Am I correct in assuming that you'd still want paperless to keep the original for each document you uploaded until you decide that the OCR'ed version is alright?

For my use case, I only want to keep one version of any given document. The document should be a PDF/A with an OCR text layer. I'm not necessarily interested in paperless-ng converting my PDFs for me. I am content to perform all of the document preparation before uploading to paperless-ng. So my work flow is the following:

Scan documents.

I use a good quality scanner with an automatic document feeder (Fujitsu fi-6230)
I like gscan2pdf (http://gscan2pdf.sourceforge.net/) because it allows me to rearrange pages easily before saving to PDF

Run resulting PDF through ocrmypdf to generate an OCR'd PDF/A file
Visually verify resulting PDF/A. This is my final document. Everything else gets deleted.
Upload my final PDF/A to paperless-ng (or similar) to help me tag, add metadata, search, and organize my documents. If paperless-ng blows up, or goes away, or whatever, I want to have my documents safely stored on my file system with at least a minimal organized structure that is simple to back-up such as:

document_type/correspondent/YYY-MM-DD-document.pdf

This is not to say that incorporating PDF/A conversion into paperless-ng isn't a good idea--others may find it much more useful then me. I think it's a matter of how much of steps 1-3 you want to add. With your current set up, I think I would like to see a side-by-side comparison view that would allow me to visually inspect the "archived" and "original" versions before being confident about deleting the "original". This might not be so bad when uploading one file at a time, but might be challenging if there are multiple files to go through. Perhaps, present the user with a list of documents with two versions available and let the user choose to keep the original, delete the original, or retry the ocr step on the original with different settings, on a case-by-case basis.

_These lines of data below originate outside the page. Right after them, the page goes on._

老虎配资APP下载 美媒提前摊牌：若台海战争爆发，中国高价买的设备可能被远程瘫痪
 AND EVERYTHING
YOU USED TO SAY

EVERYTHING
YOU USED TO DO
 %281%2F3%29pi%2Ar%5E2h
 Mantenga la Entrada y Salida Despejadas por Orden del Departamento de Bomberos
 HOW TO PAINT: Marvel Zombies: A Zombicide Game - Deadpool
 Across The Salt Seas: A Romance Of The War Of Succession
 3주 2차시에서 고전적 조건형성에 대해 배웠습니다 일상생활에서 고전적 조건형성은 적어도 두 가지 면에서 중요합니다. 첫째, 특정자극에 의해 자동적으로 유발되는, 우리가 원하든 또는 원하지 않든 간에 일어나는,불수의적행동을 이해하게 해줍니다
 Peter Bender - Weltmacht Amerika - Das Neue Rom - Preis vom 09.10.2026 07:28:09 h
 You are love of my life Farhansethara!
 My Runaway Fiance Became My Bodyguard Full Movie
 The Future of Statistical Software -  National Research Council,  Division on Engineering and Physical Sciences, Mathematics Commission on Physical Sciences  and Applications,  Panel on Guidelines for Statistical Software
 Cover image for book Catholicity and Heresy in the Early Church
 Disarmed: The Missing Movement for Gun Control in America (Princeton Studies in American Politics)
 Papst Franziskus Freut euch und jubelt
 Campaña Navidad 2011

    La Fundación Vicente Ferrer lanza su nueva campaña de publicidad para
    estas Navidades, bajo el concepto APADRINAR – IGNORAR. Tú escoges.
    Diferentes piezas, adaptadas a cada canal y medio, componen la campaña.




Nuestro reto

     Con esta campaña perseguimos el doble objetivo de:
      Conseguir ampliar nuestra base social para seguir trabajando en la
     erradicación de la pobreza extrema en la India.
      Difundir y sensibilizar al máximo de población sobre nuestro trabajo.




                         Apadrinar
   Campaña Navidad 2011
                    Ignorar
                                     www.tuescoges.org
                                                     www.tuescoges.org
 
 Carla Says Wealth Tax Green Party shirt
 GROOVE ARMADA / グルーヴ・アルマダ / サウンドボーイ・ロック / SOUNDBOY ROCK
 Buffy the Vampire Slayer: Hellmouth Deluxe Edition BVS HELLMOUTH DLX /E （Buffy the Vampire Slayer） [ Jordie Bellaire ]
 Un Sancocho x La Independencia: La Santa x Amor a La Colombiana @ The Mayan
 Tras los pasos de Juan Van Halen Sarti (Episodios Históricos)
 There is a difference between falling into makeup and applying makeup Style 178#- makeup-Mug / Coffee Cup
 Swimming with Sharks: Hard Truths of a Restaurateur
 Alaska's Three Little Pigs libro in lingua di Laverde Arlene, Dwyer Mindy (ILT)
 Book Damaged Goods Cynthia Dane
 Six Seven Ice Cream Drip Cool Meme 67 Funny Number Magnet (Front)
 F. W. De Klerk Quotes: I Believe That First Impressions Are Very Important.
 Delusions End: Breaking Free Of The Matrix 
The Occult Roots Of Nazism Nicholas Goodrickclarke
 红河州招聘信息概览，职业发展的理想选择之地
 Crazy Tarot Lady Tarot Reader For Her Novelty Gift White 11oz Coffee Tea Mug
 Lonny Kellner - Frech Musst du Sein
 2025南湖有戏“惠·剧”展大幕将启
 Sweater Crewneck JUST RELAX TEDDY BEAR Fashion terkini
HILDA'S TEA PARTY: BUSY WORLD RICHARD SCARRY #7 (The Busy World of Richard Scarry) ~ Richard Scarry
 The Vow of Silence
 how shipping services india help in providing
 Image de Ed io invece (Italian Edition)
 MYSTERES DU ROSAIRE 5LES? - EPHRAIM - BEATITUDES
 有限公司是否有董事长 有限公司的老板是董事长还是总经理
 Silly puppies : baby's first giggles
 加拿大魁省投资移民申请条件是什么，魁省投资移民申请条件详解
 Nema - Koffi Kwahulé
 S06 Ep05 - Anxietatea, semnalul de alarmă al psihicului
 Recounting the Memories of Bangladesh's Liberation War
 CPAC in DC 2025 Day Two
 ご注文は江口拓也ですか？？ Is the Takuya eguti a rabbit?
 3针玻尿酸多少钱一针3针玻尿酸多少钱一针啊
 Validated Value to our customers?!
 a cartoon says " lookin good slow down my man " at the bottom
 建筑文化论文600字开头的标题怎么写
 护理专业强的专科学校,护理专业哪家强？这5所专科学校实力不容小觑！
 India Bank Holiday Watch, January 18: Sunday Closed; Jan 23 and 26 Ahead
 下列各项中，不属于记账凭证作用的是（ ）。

I'm considering to move the archived file back into the originals folder and use the database to keep track of what's archived and what is not. This would result in all documents residing in a single folder, instead of multiple.

I wouldn't. I would keep the final PDF/A document in a separate directory from files that have yet to be OCR'd and converted to PDF/A's as currently implemented. I always want to be able to simply look at the file system and see what is going on.

1 reply

jonaswinkler Dec 12, 2020
Maintainer

Regarding tags and folders

This seems easy enough. I'll have that added soon.

Original vs. Archived document version

Well, it seems you've found a workflow that works out for you. gscan2pdf is nice, I use that as well on linux.

I'll keep your comments about comparing originals and archived versions in mind. Someone else also commented about the ability to compare both versions. I might do something like that in the future.

When I implemented the mechanics regarding originals and archived documents in this way, I was primarily concerned about users who don't want their original documents touched/messed with in any way as well as users who just want paperless to do the OCR steps all by itself, without caring too much about the details. This is the best I was able to come up with.

alexgrahamuk · 2021-01-08T15:39:12Z

alexgrahamuk
Jan 8, 2021

Just starting to use paperless ng and I'd like to tag the document type against two users and then use correspondent as inciter of the correspondence. My scanner has a number of shortcuts I've setup for this but obviously it isn't picking up on the naming convention User-Correspondent* == {document_type}-{correspondent}- is there going to be a patch available soon or should I just hack something in and make a pull request?

2 replies

jonaswinkler Jan 8, 2021
Maintainer

I'm not exactly sure I understand what you're trying to do. Are you saying that your files are named something like documenttype-correspondent-*.pdf and you'd like paperless to pick these up?

If so, we've had something like this in paperless before, but more often than not, it would not pick up correspondent names and tags in the intended way, and in result would fill the DB with lots of incorrect information.

If not, please elaborate.

Regarding making a PR: please don't just hack something into paperless. Consider other users as well. Both the users that don't want to use that feature and users who want to use it, but not in the exact way you've specified (maybe they want a different format).

This is also not related to this discussion, so please make a new discussion or issue.

alexgrahamuk Feb 8, 2021

Thanks Jonas

Yes that's basically what I needed it to do to be able to quickly filter between two users without needing full multi user support.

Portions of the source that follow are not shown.